I, Hannah Sheppard, will be responsible for another human being. Not one I get to carry about conveniently in my tummy, but one that can wriggle and cry and be dropped (I’m
so
scared of that), who will want to eat
all
the time – and eating is breastfeeding because bottle-feeding sounds like a lot of faff and they say if you breastfeed you lose weight but the idea is totally freaking me out because that’s just not what I think my boobs are for, except they are and…

That’s usually when I fall asleep. I think it’s my brain short-circuiting and making me pass out.

Then I wake up for wee number three and pick up where I left off.

I nearly fell asleep during my first French exam on Tuesday. You know when you’re reading something and you just totally haven’t taken it in? So you start again and then you just sort of zone out? And you think, “I’ll just close my eyes for a sec. I’m not gonna sleep, just rest and then I’ll be fine.” Only you don’t rest. You fall asleep and slump forward and hit the desk with your face… Unless you’re so fat that this is a physical impossibility so you end up sliding down the gap between your chair and the desk until you get wedged.

I woke up when someone threw a ruler on the floor. It was Gideon. He’d seen me snoozing.
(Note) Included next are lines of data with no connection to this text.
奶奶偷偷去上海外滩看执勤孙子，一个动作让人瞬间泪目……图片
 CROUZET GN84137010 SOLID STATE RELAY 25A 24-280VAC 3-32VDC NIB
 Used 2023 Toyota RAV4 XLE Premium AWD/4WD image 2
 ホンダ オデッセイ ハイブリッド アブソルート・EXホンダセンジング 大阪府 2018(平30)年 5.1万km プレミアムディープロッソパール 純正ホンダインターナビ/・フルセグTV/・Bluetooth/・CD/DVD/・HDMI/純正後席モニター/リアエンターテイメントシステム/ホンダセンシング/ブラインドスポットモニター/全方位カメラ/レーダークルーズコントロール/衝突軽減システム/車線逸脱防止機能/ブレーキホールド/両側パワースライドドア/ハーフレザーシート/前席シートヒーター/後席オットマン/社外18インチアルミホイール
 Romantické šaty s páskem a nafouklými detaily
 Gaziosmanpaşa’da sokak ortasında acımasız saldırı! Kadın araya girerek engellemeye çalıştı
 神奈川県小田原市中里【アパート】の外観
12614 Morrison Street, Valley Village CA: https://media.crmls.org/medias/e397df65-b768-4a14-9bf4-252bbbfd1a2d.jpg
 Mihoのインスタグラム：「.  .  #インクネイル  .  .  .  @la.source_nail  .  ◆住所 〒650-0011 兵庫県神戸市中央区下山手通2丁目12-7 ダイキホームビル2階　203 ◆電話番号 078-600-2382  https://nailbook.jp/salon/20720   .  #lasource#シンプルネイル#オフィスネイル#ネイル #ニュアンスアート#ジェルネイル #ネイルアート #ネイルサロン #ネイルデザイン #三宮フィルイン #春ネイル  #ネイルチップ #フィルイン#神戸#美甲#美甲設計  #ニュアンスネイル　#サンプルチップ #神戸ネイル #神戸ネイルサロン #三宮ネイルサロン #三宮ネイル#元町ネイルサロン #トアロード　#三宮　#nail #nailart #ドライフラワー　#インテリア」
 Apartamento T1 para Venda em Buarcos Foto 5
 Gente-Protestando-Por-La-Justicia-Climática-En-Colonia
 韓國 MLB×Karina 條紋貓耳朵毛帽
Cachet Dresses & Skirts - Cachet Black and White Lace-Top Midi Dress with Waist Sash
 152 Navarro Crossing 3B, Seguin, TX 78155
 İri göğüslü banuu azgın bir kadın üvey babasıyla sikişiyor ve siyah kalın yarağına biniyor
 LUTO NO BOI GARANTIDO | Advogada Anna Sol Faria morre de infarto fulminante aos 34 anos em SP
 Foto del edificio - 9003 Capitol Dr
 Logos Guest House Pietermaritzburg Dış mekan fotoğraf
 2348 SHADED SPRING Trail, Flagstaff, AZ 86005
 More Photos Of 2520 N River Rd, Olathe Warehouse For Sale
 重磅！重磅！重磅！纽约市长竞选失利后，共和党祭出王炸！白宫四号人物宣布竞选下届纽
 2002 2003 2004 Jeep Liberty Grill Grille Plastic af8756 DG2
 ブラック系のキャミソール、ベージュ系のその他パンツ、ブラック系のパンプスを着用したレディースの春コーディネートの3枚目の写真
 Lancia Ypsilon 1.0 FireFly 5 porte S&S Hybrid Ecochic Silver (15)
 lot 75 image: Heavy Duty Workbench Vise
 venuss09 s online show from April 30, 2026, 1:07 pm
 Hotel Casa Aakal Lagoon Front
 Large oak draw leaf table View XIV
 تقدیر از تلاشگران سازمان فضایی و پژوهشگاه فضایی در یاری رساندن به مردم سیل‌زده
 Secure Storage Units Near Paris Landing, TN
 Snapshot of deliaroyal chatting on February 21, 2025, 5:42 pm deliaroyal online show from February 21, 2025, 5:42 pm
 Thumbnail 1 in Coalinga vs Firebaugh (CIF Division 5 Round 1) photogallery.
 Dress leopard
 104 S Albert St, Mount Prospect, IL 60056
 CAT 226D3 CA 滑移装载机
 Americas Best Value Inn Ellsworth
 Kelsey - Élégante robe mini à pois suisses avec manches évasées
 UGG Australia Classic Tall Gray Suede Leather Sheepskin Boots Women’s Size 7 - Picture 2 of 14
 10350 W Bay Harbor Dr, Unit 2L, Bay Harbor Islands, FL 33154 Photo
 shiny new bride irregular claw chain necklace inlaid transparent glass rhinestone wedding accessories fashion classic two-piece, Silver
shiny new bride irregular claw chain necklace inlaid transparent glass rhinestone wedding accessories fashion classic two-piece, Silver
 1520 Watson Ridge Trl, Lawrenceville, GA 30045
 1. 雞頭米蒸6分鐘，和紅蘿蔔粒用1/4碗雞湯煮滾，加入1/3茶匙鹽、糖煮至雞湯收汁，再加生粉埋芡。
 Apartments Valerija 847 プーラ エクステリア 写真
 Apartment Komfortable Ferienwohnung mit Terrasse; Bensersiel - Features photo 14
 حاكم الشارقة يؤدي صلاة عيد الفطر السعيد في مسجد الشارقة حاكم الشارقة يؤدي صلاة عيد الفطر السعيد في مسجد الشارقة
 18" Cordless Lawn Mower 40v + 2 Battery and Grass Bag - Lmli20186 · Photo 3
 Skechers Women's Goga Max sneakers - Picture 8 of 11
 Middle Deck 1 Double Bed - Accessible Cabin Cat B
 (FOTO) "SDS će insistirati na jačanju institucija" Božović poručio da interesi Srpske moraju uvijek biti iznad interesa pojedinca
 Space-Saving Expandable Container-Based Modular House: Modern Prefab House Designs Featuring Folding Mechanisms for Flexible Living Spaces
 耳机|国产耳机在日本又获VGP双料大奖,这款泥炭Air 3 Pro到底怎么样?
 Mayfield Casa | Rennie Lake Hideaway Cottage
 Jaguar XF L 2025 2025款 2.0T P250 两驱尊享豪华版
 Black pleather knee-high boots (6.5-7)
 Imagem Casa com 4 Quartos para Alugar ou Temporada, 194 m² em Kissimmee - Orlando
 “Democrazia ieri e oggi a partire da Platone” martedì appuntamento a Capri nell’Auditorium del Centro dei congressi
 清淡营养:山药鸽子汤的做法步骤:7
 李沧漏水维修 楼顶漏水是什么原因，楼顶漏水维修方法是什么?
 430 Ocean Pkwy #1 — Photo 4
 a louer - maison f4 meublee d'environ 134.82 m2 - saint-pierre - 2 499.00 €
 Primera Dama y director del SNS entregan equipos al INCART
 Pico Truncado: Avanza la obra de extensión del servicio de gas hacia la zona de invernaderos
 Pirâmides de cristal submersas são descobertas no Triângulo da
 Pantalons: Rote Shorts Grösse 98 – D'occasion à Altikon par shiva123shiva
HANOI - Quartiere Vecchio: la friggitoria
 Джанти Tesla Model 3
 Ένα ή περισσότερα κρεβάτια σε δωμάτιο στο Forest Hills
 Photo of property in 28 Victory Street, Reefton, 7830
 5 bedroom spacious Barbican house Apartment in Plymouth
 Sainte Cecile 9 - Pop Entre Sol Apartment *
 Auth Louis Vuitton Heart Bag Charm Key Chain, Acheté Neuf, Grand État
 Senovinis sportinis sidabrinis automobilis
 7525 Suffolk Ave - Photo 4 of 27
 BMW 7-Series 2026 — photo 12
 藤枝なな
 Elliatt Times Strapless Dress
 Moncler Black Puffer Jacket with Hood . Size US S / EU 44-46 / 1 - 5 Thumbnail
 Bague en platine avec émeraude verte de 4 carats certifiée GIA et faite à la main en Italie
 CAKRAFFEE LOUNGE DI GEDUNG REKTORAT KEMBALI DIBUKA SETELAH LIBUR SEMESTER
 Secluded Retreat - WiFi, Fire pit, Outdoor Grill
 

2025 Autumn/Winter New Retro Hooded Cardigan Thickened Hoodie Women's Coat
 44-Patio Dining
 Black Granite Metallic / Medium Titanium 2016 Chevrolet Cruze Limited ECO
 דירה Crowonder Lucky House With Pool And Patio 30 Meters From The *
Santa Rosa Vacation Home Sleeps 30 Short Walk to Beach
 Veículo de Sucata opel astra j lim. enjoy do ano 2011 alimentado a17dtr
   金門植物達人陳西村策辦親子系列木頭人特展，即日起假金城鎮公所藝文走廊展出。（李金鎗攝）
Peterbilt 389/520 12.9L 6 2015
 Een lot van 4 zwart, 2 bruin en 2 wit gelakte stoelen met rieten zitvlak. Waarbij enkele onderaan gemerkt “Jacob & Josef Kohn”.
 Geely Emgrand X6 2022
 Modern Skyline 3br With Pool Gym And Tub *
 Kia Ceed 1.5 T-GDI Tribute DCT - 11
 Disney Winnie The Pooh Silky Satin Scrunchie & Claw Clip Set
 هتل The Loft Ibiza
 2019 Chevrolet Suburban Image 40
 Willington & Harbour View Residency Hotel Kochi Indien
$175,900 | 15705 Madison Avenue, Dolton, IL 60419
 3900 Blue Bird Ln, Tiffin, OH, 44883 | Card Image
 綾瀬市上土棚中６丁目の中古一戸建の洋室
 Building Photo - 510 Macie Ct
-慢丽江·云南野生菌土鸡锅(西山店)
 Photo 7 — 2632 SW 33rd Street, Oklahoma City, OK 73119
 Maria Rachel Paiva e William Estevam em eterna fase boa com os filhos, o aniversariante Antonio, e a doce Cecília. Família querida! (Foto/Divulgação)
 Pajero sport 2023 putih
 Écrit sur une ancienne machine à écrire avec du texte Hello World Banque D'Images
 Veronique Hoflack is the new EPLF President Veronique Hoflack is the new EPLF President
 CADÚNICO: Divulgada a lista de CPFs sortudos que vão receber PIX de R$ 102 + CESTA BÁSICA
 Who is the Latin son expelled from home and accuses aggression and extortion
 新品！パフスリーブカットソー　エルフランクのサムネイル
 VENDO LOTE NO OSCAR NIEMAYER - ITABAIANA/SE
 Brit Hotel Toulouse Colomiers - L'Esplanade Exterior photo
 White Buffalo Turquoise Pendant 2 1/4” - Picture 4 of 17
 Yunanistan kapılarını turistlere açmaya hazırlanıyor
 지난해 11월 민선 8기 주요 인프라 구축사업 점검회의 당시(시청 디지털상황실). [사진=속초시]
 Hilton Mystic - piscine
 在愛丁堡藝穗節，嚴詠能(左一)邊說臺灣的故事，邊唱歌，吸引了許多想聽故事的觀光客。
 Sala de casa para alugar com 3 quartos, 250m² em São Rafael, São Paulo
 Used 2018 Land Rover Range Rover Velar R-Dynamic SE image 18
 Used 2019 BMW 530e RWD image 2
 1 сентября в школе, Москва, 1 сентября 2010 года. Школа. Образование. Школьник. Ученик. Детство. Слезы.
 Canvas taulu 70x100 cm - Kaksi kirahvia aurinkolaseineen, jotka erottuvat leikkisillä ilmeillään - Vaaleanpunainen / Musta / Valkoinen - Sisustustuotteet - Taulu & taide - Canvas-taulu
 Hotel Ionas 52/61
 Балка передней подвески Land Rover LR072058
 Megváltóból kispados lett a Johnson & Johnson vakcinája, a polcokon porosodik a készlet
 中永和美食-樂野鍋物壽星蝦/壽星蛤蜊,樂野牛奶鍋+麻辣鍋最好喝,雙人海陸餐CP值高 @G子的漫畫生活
Katie would never have done that. She’d’ve just told me later about how I drooled out the corner of my mouth or said something embarrassing in my sleep. If phones had been allowed in then she’d have taken a photo and put it on Facebook. She used to do anything for a laugh – I never realized I’d only ever be the butt of her jokes.

But I miss her. Or I miss the Hannah I was before all this – the one who went out drinking and dancing, the one who was allowed to be hot. I miss being sexy. I really do. No one finds a pregnant person sexy, not even the person who’s pregnant. After this what will I be? A saggy bag of stretch marks and pregnancy weight with lady parts like an over-stretched elastic band?

Will I be someone anyone wants?

SUNDAY 23
RD
MAY

HANNAH

There’s been a lot of thumping and banging going on downstairs and it’s totally ruining my concentration. I slam the book shut and look at the cover.

Fuck it. If I don’t know the difference between centrifugal and centripetal by now I’m never going to. Besides, I’m hungry.

When I get downstairs I see several pairs of shoes in the porch – one of which looks suspiciously like Aaron’s. I walk towards the kitchen like a girl in a horror movie only, when I push open the door, I’m not greeted with an axe murderer, but the sight of Robert and Lola and my three best mates arranging a tower of presents.

My hands fly up to my face to cover my mouth, but I’m grinning so wide I can barely hold it. As everyone comes in for a hug, Lola tells me that there’s a cake, but we can’t cut it until Mum gets here.

“Where is she?” I ask.

Robert looks at his watch and tells me she’ll be here in a minute. I don’t know where she’s gone, but a little voice suggests something I really want to be true, but suspect isn’t.

Maybe she’s picking Jay up from the station?

Ssh, voice. That’s just silly.

You know what he’s like about grand gestures. Maybe he’s going to step through that door and give you a big hug and then, with all your friends here, he’ll hold your hand and say that the time for pretending is over and that he’s the father of your baby
.

He wouldn’t do that and, anyway, why would Mum be the one to pick him up?

Because you’d guess if Robert was missing, duh
.

I swallow and smile at my friends and try not to listen to that little voice.

That’s the sound of keys in the front door! I turn, not looking too excited, not looking too hopeful. Mum walks in, smiling, and says she hopes we haven’t started without the guest of honour and I hold my breath, not yet able to see him.